* _Exercise details_
Only certain lines below are wanted: those starting at the line containing "Reclaim Your Time(Kobo/電子書)" and ending at the line containing "Eat Sleep Anime Repeat With", both included, each retyped exactly.

*** The records ***

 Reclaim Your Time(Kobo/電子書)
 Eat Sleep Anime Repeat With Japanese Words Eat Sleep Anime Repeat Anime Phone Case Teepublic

*** End of The records ***
*** The records ***

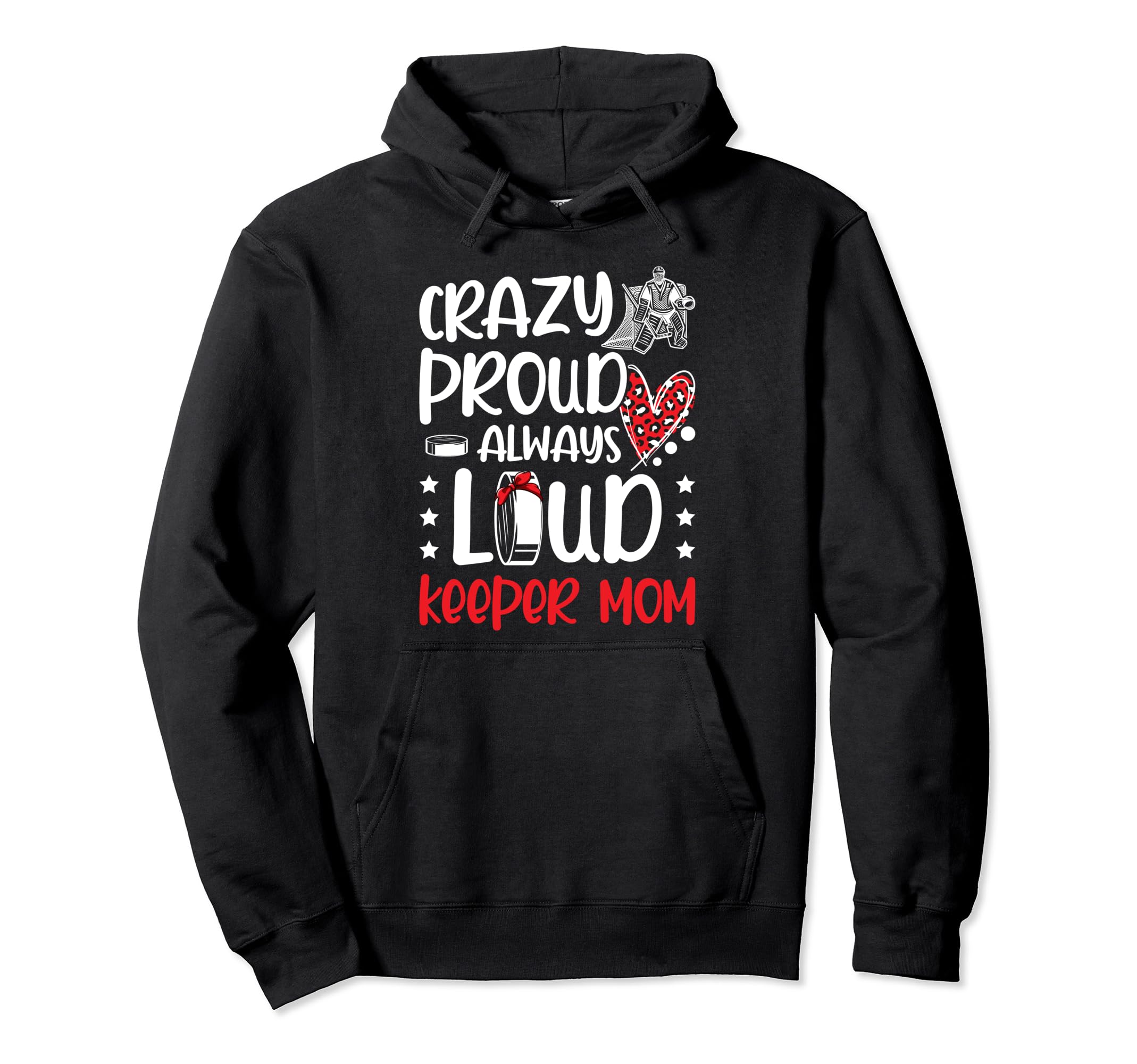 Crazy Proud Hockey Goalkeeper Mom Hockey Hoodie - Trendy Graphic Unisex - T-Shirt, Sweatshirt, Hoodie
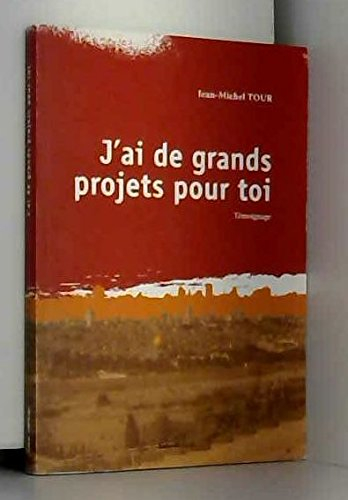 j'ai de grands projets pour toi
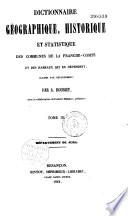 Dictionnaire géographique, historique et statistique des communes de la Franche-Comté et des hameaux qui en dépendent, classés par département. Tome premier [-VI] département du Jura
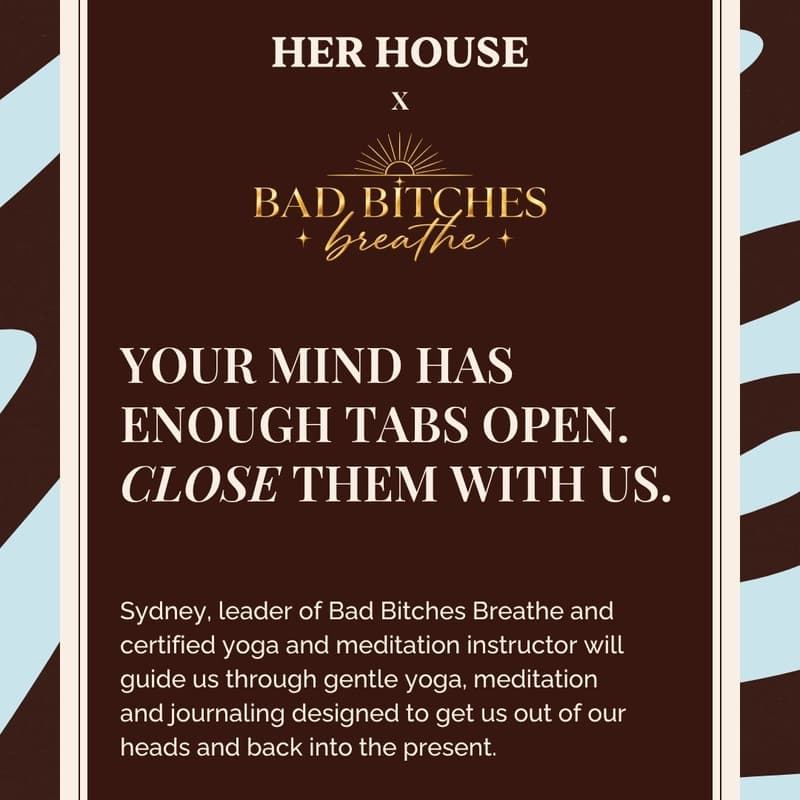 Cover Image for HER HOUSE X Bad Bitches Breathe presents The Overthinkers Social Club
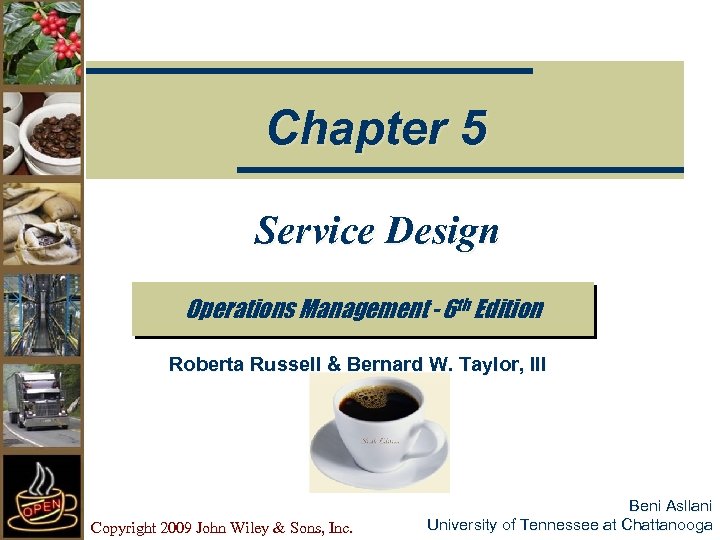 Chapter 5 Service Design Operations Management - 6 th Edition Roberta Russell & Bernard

*** End of The records ***
*** The records ***

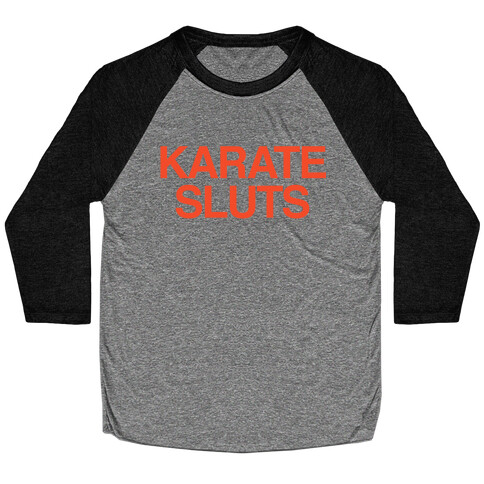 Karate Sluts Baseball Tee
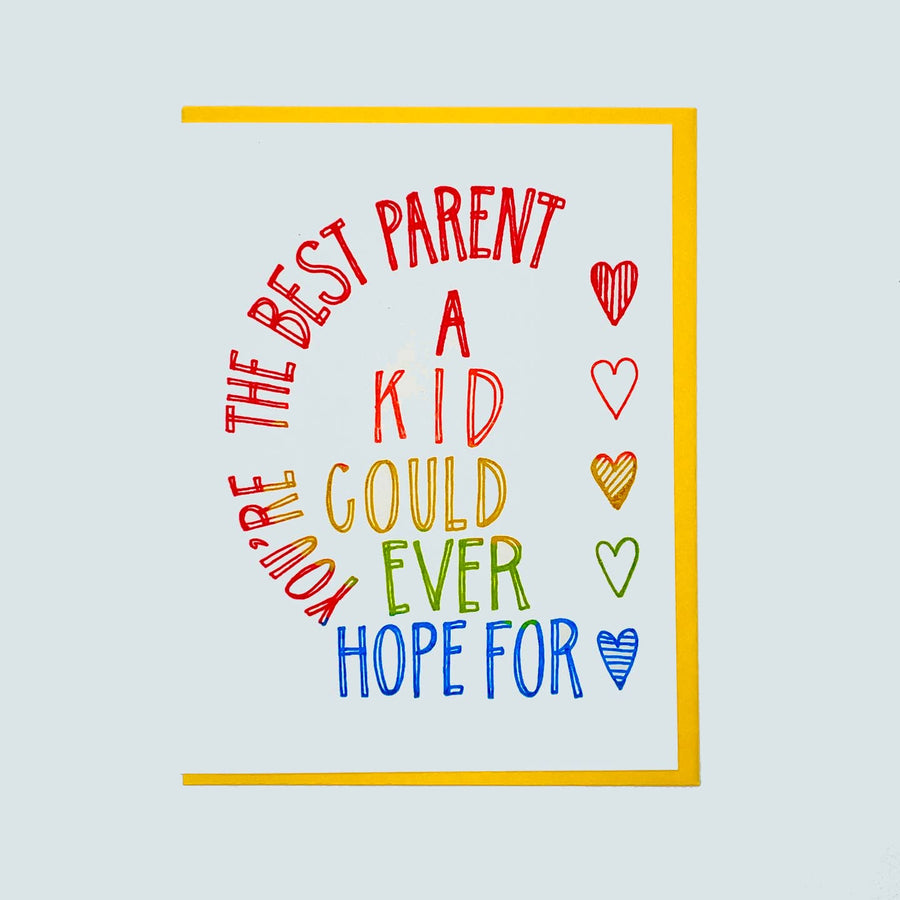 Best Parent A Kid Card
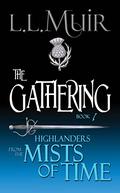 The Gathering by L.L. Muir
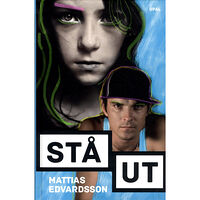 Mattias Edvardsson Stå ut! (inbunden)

*** End of The records ***

* _Exercise answer_
 Reclaim Your Time(Kobo/電子書)
 Eat Sleep Anime Repeat With Japanese Words Eat Sleep Anime Repeat Anime Phone Case Teepublic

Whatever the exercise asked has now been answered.